An optional fourth step of the method 600, represented by item 605, comprises receiving, at the dispersal system, the trigger signal.

A fifth step of the method 600, represented by item 607, comprises, in response to the receipt of the trigger signal, the dispersal system releasing a plurality of pieces of magnetic material. In some embodiments, releasing the plurality of pieces comprises creating an airburst to disperse the plurality of pieces. In some embodiments, the dispersal system comprises a pyrotechnic charge and creating the airburst comprises detonating the pyrotechnic charge. In some embodiments, the dispersal system comprises a container of pressurised gas and creating the airburst comprises releasing the pressurised gas. In some embodiments the dispersal system comprises an ejection mechanism and creating the airburst comprises activating the ejection mechanism.

A sixth step of the method 600, represented by item 609, comprises some of the plurality of pieces being attracted to the magnet, sticking to the magnet, and thereby obstructing the motor. In some embodiments, being attracted to the magnet comprises being ingested into the electric motor through an air intake. In some embodiments, the electric motor further comprises a rotor, a stator, and an air gap between the rotor and the stator. In such embodiments, it may be that the plurality of pieces obstruct the motor by filling the air gap. In some embodiments, obstructing the motor comprises entirely blocking the motor. In alternative embodiments, obstructing the motor comprises hindering the rotation of motor.

Whilst the present invention has been described and illustrated with reference to particular embodiments, it will be appreciated by those of ordinary skill in the art that the invention lends itself to many different variations not specifically illustrated herein. By way of example only, certain possible variations will now be described.

Although the present invention and the described embodiments are particularly useful in disrupting the operation of unmanned vehicles, and UAS especially, it will be appreciated that the invention is suitable for use against any vehicle having an open- vented electric motor, be it manned or unmanned. It will also be appreciated that the invention provides a general technique for disabling electric motors, and therefore may be usable against targets other than vehicles and/or for purposes other than disrupting the propulsion of a vehicle.

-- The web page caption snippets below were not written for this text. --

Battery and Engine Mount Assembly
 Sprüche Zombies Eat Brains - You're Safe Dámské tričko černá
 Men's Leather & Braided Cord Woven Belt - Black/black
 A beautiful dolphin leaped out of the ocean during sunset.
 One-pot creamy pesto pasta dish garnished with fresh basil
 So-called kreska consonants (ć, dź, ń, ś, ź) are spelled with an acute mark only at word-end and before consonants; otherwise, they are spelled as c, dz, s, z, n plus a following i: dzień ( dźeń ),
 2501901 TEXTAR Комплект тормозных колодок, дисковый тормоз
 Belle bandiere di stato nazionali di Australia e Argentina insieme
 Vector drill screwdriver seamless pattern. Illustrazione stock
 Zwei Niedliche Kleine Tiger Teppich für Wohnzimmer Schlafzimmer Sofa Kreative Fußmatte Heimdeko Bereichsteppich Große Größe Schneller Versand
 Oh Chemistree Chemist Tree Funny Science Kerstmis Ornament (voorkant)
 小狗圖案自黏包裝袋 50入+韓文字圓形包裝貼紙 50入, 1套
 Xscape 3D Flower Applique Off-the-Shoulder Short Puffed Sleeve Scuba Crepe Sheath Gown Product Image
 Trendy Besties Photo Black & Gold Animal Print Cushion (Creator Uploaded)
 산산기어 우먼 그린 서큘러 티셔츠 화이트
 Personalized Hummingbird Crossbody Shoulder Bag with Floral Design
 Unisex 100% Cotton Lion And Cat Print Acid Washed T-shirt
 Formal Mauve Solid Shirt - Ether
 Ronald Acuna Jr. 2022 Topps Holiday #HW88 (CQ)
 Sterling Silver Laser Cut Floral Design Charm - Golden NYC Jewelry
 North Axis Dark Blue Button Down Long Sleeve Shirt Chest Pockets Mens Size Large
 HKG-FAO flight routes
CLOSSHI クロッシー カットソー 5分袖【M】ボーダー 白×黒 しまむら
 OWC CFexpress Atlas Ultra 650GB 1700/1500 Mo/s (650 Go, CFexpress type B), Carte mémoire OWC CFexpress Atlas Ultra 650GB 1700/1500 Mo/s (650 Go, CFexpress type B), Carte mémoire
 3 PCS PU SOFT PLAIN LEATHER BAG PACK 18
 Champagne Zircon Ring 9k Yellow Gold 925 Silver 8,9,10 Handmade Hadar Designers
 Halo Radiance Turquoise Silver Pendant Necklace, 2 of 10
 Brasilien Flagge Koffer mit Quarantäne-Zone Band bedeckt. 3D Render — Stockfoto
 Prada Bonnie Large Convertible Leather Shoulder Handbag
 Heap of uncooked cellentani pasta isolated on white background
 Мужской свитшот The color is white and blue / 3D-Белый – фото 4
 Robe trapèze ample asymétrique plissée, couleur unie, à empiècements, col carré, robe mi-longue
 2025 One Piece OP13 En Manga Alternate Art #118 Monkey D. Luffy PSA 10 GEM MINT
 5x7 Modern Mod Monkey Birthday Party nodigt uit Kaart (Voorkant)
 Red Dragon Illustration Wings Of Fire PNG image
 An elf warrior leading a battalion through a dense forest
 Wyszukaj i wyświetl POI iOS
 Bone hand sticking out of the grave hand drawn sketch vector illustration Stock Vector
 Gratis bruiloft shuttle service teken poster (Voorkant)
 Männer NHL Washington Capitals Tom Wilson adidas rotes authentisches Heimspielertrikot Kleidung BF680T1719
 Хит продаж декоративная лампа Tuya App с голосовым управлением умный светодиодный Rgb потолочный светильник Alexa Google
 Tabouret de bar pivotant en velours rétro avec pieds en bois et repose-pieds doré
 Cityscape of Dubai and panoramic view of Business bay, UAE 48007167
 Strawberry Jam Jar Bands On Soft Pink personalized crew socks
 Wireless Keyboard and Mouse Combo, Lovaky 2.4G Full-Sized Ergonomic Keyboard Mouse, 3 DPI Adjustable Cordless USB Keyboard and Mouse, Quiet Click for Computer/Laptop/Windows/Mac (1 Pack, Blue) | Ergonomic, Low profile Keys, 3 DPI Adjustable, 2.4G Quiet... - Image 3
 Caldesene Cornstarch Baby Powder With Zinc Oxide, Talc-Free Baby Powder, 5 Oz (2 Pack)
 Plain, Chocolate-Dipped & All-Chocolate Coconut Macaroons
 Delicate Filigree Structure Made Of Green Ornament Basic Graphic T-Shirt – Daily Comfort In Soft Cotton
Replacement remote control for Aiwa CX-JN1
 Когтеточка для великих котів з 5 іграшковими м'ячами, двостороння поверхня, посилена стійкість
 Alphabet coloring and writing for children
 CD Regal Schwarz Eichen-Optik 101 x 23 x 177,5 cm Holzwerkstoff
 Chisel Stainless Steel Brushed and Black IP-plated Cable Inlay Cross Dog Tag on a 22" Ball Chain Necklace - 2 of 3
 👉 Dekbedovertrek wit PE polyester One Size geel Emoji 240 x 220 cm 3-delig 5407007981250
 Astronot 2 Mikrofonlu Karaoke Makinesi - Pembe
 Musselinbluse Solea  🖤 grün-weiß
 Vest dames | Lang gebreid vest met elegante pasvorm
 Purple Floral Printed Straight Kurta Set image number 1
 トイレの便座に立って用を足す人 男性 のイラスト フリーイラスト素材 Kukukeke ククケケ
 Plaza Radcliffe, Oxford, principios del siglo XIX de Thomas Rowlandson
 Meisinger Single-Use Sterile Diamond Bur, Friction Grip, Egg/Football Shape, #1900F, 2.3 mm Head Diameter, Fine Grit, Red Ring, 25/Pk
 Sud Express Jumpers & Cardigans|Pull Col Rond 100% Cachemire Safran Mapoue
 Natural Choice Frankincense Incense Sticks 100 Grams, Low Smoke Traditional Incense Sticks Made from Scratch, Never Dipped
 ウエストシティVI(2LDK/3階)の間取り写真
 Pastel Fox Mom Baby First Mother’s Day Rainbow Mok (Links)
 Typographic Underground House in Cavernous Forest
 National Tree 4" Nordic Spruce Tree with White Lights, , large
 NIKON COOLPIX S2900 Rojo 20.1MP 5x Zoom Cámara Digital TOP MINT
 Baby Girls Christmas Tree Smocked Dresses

Where in the foregoing description, integers or elements are mentioned which have known, obvious or foreseeable equivalents, then such equivalents are herein incorporated as if individually set forth. Reference should be made to the claims for determining the true scope of the present invention, which should be construed so as to encompass any such equivalents. It will also be appreciated by the reader that integers or features of the invention that are described as preferable, advantageous, convenient or the like are optional and do not limit the scope of the independent claims. Moreover, it is to be understood that such optional integers or features, whilst of possible benefit in some embodiments of the invention, may not be desirable, and may therefore be absent, in other embodiments.